'''
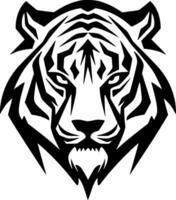 Tigre - negro y blanco aislado icono - vector ilustración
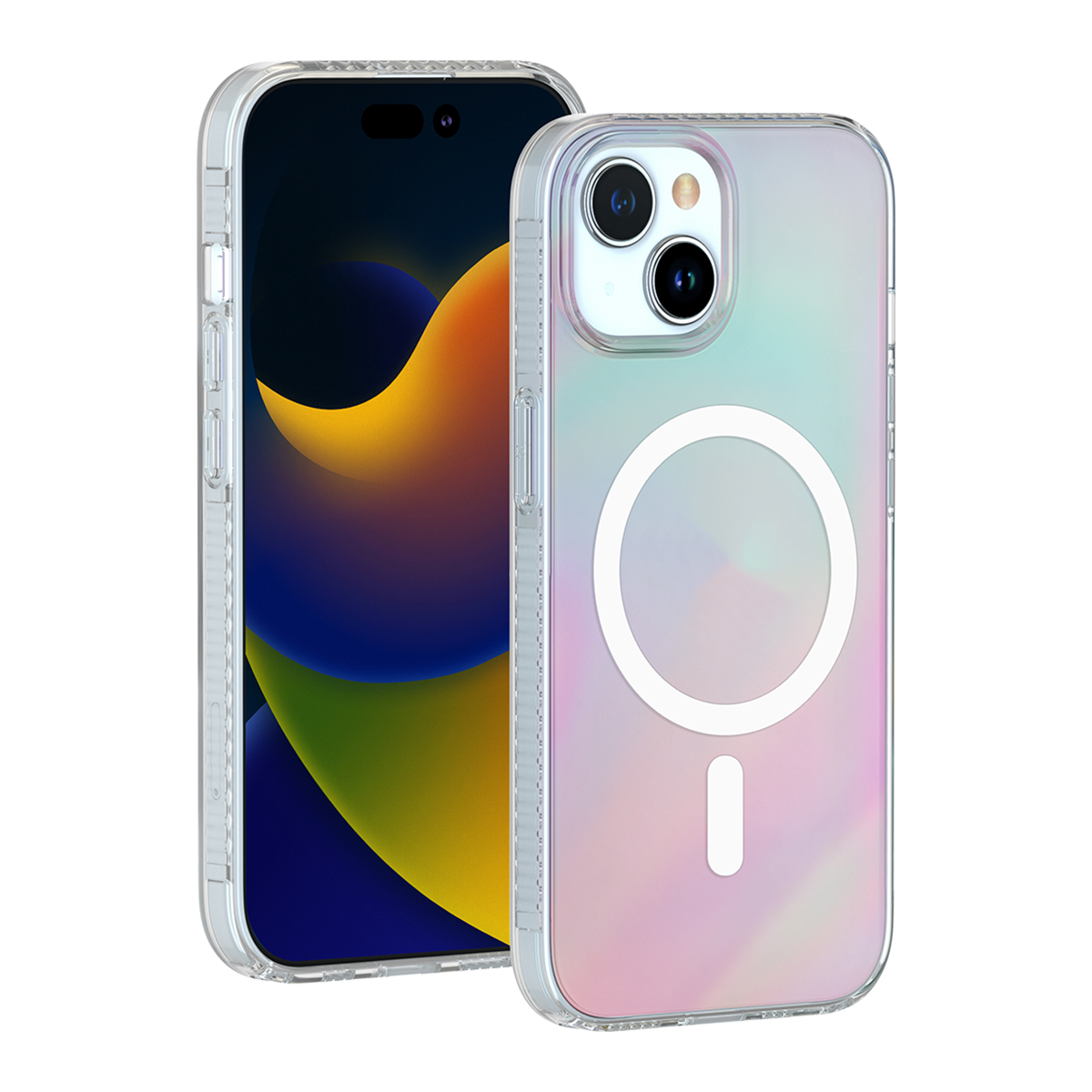 Uno smartphone con una cover protettiva iridescente dotata di anello magnetico sul retro.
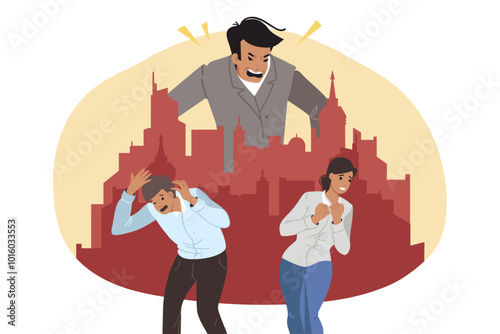 Angry and powerful boss scolds subordinates because of mistake and broken contract. Giant boss over small town and panicking employees who need union protection to avoid losing jobs.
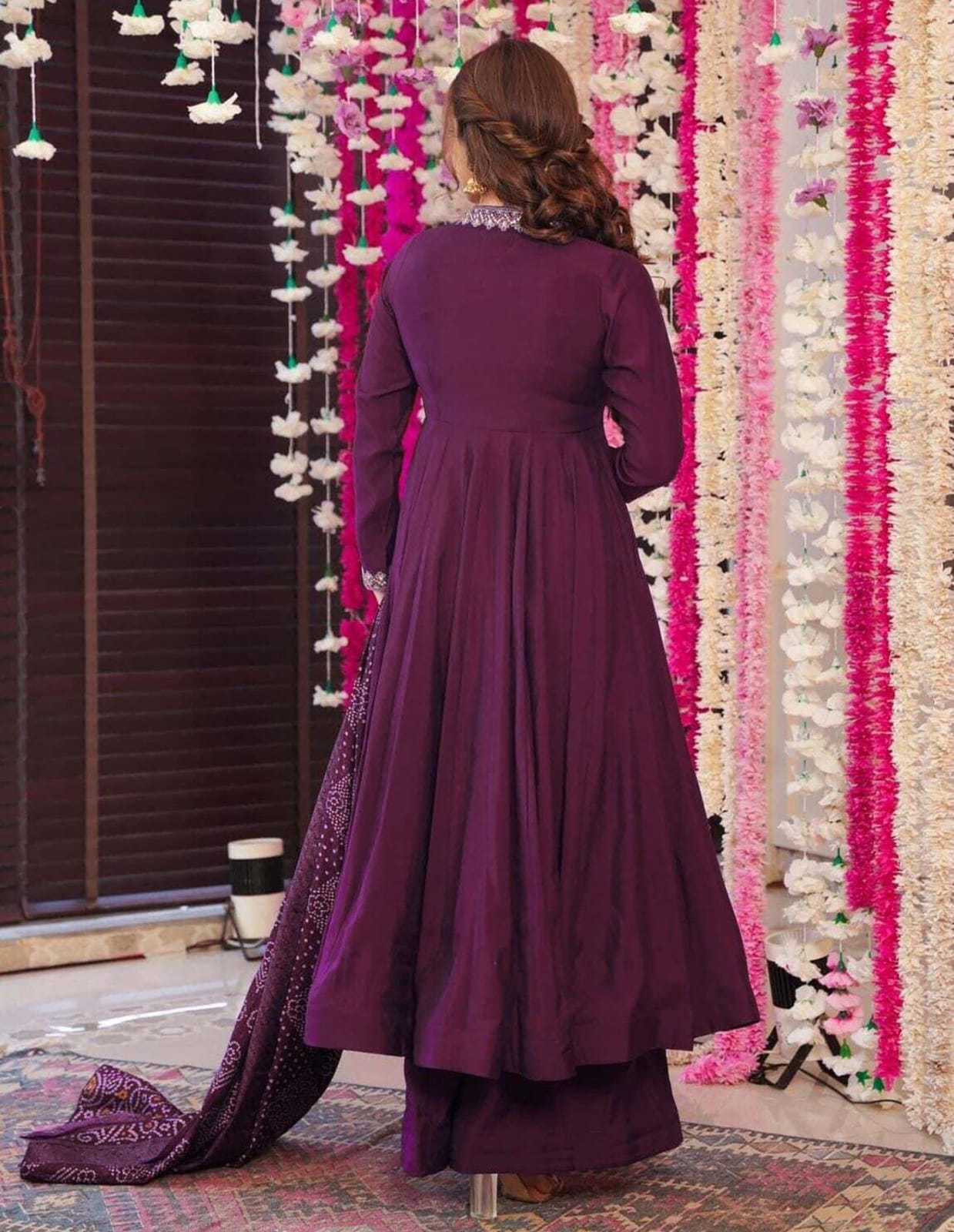 Festive Purple Anarkali Suit with Chanderi Dupatta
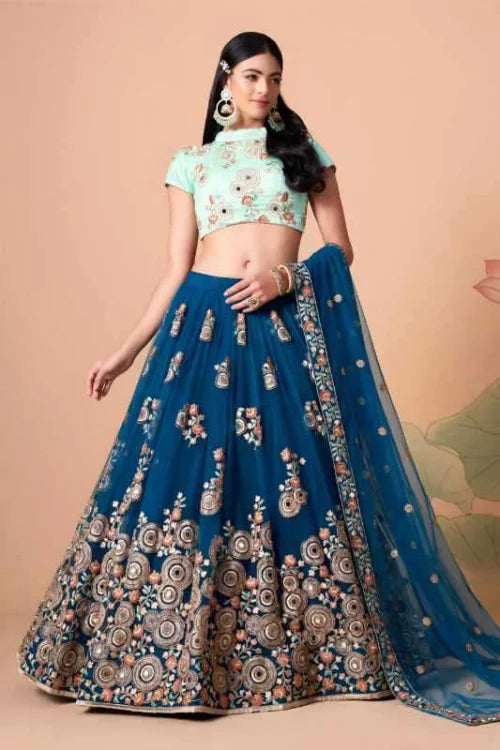 Soft Net Wedding Lehenga in Pink •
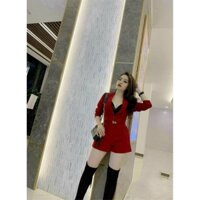 *Set bộ 3 món thời trang nữ mặc đi chơi chất umi cổ vest tay dài kèm áo bra có mút quần short ống rộng dáng mini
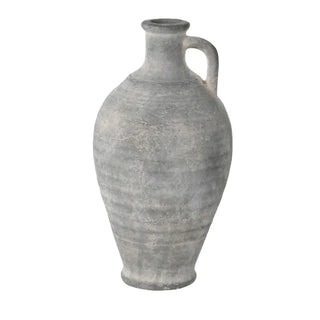 Gray ceramic vase with a handle on a white background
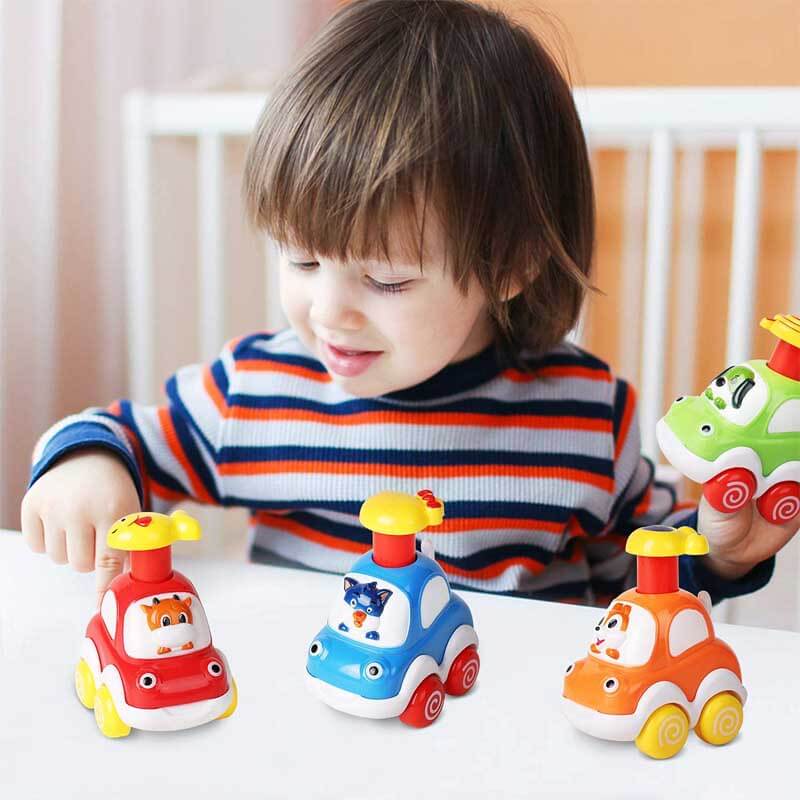 Fidtoy Press-to-Go Animal Car Toy Set for Toddlers 2+ 4Pcs | Motor Skill & Color Learning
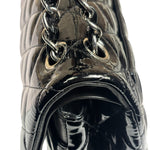 Chanel Black Quilted Patent Leather Double Flap Bag 2011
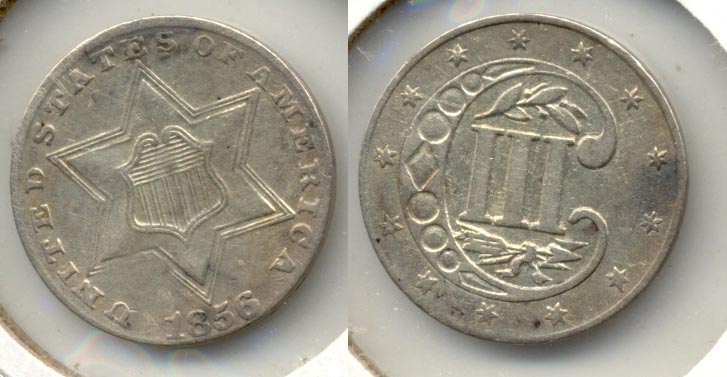 1856 Three Cent Silver EF-40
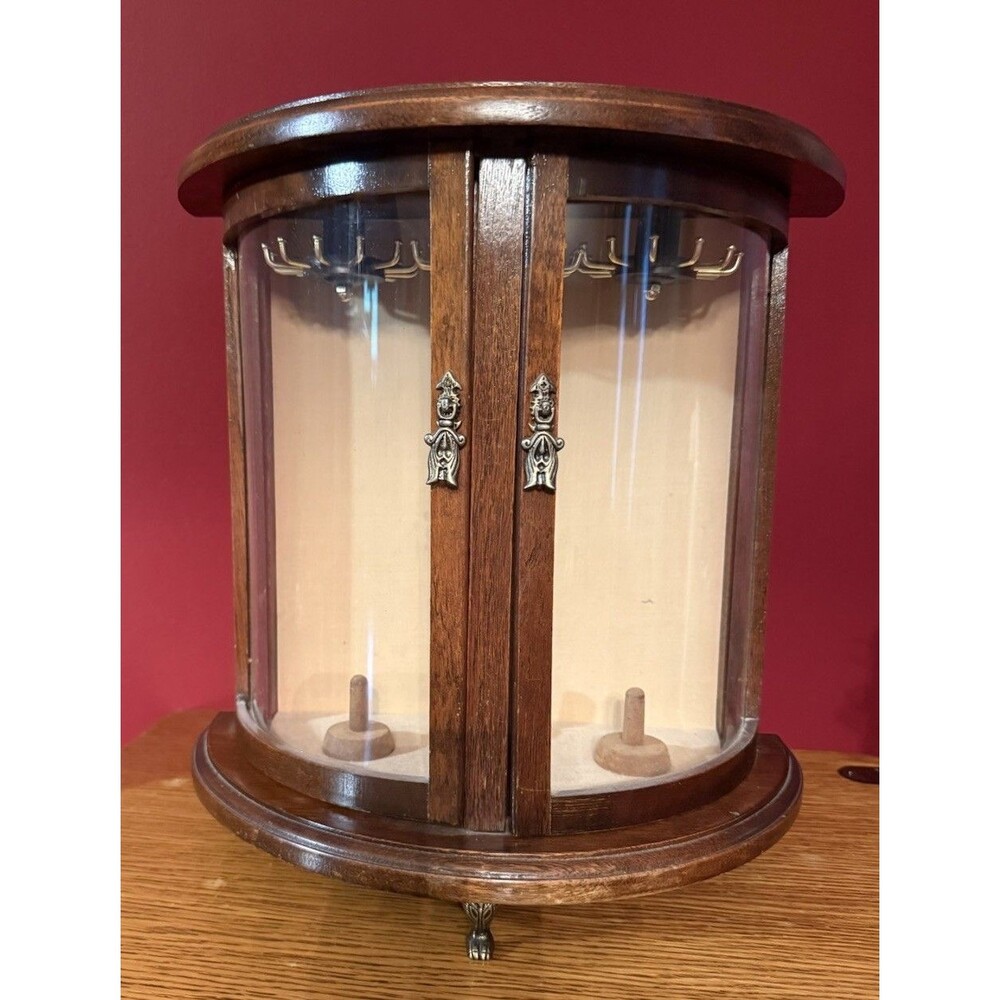 Price Wood Jewelry Cabinet Curved Glass Door Half Round Table Top Necklace Vtg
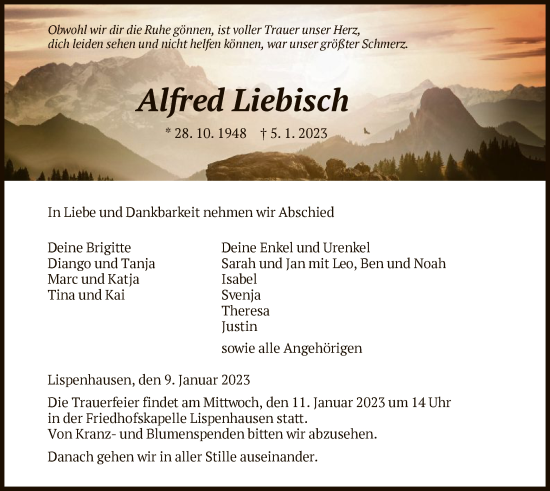 Todesanzeige von Alfred Liebisch von HNA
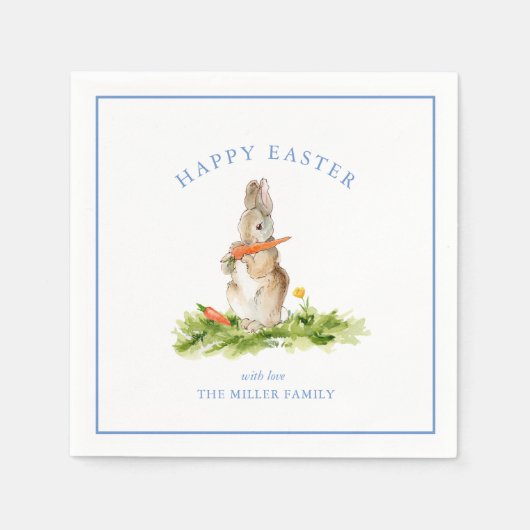 Niedliche Personalisierte Aquarellfarben Ostersonn Serviette (Vorderseite)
'''
### Problem to solve
Above are entries with pictures among them. Write out exactly the lines from the one containing "Chanel Black Quilted" through the one containing "Todesanzeige von Alfred Liebisch von HNA", ends included, and leave those pictures out.

### Reply to the exercise
 Chanel Black Quilted Patent Leather Double Flap Bag 2011
 1856 Three Cent Silver EF-40
 Price Wood Jewelry Cabinet Curved Glass Door Half Round Table Top Necklace Vtg
 Todesanzeige von Alfred Liebisch von HNA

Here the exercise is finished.